> [WHAT IS BEING ASKED]:
For the data below, restate word for word only the lines from the line containing "Wieliczka, Grottgera Artura, 33, mapa" through the line containing "Columbia Mens Black STRATA TRAIL LOW WP", both ends included.

━━━━━━━━━━━━━━━━

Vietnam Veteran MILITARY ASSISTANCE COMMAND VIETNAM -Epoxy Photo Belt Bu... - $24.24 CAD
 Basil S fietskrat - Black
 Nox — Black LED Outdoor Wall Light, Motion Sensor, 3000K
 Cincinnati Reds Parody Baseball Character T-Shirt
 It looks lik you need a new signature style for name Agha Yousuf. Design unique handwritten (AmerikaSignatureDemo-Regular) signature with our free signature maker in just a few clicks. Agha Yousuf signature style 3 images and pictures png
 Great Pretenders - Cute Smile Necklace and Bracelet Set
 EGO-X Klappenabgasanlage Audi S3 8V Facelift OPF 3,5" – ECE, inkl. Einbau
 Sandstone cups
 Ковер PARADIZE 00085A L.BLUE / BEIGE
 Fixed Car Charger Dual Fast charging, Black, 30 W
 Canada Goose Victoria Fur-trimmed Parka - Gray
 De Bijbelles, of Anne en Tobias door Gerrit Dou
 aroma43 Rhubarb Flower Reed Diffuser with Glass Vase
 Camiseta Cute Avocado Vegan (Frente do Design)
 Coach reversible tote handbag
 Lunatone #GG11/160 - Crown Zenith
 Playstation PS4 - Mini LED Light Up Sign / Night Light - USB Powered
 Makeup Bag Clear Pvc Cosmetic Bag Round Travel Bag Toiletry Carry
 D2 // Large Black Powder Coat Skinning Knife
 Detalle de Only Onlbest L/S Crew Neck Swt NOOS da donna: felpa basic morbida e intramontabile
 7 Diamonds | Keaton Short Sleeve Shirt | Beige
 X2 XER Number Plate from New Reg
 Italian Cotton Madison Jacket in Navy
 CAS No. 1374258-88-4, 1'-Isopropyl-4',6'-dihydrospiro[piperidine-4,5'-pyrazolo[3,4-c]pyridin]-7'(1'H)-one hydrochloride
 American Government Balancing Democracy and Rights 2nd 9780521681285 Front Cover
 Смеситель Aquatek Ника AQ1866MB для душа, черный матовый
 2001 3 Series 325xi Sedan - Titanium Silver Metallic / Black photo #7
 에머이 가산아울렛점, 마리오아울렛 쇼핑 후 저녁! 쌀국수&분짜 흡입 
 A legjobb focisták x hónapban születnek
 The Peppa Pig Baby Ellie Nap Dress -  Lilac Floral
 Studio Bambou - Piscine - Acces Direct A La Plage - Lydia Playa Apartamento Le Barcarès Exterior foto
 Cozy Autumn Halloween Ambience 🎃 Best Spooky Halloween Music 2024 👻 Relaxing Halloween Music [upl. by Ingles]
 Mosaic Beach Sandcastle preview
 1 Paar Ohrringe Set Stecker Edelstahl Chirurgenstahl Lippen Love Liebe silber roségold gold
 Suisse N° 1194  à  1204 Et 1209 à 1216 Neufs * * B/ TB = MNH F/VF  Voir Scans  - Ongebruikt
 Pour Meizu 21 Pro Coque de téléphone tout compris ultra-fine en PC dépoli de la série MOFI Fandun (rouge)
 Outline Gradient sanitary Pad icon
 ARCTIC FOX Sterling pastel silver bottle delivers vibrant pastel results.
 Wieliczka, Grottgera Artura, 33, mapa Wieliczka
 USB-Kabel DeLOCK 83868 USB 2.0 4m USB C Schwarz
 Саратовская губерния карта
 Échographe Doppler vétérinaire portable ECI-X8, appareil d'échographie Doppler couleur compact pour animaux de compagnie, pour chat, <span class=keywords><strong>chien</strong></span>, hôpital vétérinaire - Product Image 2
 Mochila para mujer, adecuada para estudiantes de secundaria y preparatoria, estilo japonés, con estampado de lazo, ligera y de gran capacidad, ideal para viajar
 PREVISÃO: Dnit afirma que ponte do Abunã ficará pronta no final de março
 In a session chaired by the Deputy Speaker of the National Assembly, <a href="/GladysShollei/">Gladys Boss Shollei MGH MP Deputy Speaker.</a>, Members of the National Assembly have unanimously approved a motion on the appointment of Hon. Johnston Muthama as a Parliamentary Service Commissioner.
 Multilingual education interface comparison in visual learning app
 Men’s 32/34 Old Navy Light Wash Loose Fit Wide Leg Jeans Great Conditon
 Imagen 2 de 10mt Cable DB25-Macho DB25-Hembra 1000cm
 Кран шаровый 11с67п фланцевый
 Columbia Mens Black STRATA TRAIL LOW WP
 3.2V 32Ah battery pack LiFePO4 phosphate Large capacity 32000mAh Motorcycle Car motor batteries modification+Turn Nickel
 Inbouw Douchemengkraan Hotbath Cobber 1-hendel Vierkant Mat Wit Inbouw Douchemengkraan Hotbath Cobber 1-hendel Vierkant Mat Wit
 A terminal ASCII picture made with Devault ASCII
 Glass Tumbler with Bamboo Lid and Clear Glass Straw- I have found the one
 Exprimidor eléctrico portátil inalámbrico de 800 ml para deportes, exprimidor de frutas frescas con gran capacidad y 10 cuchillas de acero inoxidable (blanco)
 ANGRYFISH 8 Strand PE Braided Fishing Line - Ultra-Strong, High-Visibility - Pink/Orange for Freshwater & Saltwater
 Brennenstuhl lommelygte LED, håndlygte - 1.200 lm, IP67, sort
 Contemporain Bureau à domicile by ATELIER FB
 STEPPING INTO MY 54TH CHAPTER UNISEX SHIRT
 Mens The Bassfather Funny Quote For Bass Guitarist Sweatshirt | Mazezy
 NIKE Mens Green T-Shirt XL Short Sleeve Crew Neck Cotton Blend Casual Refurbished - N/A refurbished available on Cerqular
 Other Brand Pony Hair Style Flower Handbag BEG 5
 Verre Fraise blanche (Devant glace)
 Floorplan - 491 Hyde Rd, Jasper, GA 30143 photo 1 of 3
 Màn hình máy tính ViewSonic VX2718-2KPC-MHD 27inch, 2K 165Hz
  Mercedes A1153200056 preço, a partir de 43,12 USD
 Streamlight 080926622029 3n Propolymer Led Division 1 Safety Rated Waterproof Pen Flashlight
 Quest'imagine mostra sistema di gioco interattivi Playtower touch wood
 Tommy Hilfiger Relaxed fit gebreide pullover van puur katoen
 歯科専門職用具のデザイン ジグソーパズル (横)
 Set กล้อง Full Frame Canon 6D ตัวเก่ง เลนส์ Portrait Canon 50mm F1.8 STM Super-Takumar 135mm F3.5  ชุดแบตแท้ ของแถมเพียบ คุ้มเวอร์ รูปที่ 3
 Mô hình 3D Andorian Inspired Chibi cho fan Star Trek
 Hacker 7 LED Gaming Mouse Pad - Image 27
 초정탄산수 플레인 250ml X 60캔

━━━━━━━━━━━━━━━━

> [TASK RESULT]:
 Wieliczka, Grottgera Artura, 33, mapa Wieliczka
 USB-Kabel DeLOCK 83868 USB 2.0 4m USB C Schwarz
 Саратовская губерния карта
 Échographe Doppler vétérinaire portable ECI-X8, appareil d'échographie Doppler couleur compact pour animaux de compagnie, pour chat, <span class=keywords><strong>chien</strong></span>, hôpital vétérinaire - Product Image 2
 Mochila para mujer, adecuada para estudiantes de secundaria y preparatoria, estilo japonés, con estampado de lazo, ligera y de gran capacidad, ideal para viajar
 PREVISÃO: Dnit afirma que ponte do Abunã ficará pronta no final de março
 In a session chaired by the Deputy Speaker of the National Assembly, <a href="/GladysShollei/">Gladys Boss Shollei MGH MP Deputy Speaker.</a>, Members of the National Assembly have unanimously approved a motion on the appointment of Hon. Johnston Muthama as a Parliamentary Service Commissioner.
 Multilingual education interface comparison in visual learning app
 Men’s 32/34 Old Navy Light Wash Loose Fit Wide Leg Jeans Great Conditon
 Imagen 2 de 10mt Cable DB25-Macho DB25-Hembra 1000cm
 Кран шаровый 11с67п фланцевый
 Columbia Mens Black STRATA TRAIL LOW WP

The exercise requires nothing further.